The Seed Volume 2: The Garden Solution



Cultivate Financial Freedom
By Saying No to Sod

It's no secret that holistic living can work wonders for a person's well being. Eating organic food, connecting with nature, and generally “greening up” daily life has never seemed so important. Realistically speaking, though, most of us face an inescapable economic bottom line, and make the mistake of thinking that holistic living has to cost more than less healthy lifestyle choices.

Looking at the price of organic food at the grocery store, it's easy to make this mistake. I know I can't afford to pay a dollar for a single tomato, or five for a box of herbal tea. There is a simple way around this, though: The Garden Solution.

Without even considering the the potential benefits to health or property value, turning your lawn into a garden is a solid and sensible investment. With just a little time and money up front, anyone can make their yard into a beautiful investment account, and realize far better long-term interest rates than those offered by any bank I know of. Breaking down a hypothetical situation will show you what I mean.

Taking my most recent trip to Whole Foods, I saw organic raspberries on sale for four dollars per six oz. Container, half an ounce of mint tea for five dollars, and that buck-a-tomato deal mentioned earlier. If I consume one tomato, two glasses of mint tea, and three oz. Of raspberries per day, that's about $3.83 I've spent at the store. Per year, then, this small portion of organic food goes for approximately $1400.00.

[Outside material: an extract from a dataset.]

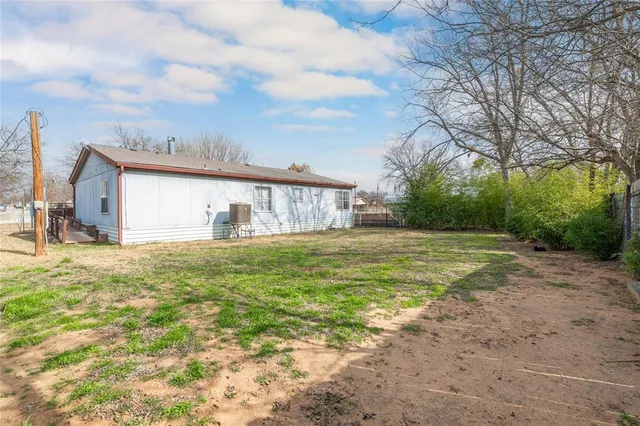 a front view of house with yard and trees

That's fourteen hundred bucks for roughly sixty-eight pounds of berries, three hundred sixty-five tomatoes, and eleven pounds of mint. Eighteen healthy tomato plants, twenty large mint plants, and a few dozen berry bushes around the perimeter of my medium-sized urban yard can produce this amount of food in a single season.

I don't want my yard looking like a farm, though, and it's not good for the soil to limit the variety of flora to just a few edibles, so a diverse combination of edible and ornamental plants would seem to serve my hypothetical needs here best. If I were to transform my yard into such a garden, how much would it cost? To find out, I talked with Russ Henry, owner of Giving Tree Gardens. This is a local gardening company with a holistic and petrochemical-free approach, so it seemed a sensible choice for my inquiry.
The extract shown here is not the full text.